### TASK STATEMENT
Check each line of the data for "Beach", and copy the ones that have it.

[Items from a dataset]
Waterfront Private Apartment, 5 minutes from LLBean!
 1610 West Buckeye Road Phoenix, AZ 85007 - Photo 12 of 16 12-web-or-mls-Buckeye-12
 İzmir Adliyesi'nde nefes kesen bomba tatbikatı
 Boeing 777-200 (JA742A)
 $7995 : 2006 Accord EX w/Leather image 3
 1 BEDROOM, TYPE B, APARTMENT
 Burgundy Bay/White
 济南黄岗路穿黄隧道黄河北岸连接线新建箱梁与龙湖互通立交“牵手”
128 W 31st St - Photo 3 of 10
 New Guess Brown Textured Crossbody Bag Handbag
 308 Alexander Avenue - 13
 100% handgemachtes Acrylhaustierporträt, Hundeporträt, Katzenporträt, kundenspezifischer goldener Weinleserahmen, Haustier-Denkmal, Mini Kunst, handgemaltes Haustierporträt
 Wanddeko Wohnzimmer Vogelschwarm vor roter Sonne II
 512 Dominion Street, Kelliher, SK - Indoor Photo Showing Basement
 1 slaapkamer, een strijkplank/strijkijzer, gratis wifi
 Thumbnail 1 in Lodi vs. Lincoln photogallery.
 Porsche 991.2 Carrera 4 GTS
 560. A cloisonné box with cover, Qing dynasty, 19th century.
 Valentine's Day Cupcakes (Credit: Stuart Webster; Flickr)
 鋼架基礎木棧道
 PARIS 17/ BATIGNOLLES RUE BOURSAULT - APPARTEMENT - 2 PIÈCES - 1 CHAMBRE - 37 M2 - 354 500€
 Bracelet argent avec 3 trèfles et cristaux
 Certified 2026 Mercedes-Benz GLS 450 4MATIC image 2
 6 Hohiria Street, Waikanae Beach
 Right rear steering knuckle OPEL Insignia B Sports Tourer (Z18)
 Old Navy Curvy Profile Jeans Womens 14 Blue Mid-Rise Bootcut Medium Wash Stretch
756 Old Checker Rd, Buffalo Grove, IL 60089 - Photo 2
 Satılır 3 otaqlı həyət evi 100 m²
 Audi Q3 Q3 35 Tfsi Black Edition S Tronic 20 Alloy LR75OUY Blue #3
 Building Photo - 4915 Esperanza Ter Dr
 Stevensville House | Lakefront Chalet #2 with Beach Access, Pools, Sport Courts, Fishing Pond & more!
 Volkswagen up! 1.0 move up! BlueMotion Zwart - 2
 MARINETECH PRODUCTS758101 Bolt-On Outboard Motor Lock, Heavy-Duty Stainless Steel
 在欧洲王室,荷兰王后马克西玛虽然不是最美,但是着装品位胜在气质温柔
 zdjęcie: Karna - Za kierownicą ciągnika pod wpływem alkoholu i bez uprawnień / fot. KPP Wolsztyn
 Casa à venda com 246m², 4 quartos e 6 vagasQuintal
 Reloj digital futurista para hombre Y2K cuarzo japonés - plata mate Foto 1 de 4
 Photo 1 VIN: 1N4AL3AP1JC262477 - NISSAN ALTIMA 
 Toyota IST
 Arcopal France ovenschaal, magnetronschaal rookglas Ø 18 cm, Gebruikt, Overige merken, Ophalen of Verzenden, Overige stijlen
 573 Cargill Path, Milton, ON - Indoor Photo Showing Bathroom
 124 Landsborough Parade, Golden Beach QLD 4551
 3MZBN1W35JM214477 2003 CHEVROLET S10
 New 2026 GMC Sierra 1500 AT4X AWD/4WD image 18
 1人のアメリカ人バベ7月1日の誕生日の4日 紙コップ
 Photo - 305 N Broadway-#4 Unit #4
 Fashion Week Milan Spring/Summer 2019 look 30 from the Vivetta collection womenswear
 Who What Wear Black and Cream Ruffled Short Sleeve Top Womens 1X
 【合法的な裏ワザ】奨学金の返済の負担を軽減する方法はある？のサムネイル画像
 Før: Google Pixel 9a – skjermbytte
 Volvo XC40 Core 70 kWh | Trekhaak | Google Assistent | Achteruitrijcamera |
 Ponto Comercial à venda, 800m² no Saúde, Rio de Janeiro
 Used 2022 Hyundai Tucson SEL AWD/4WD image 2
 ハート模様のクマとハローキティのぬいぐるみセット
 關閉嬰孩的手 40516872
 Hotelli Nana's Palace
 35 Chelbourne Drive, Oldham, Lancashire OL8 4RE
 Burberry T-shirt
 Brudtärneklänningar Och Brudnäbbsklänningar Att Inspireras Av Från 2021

### EXERCISE OUTPUT
 6 Hohiria Street, Waikanae Beach
 Stevensville House | Lakefront Chalet #2 with Beach Access, Pools, Sport Courts, Fishing Pond & more!
 124 Landsborough Parade, Golden Beach QLD 4551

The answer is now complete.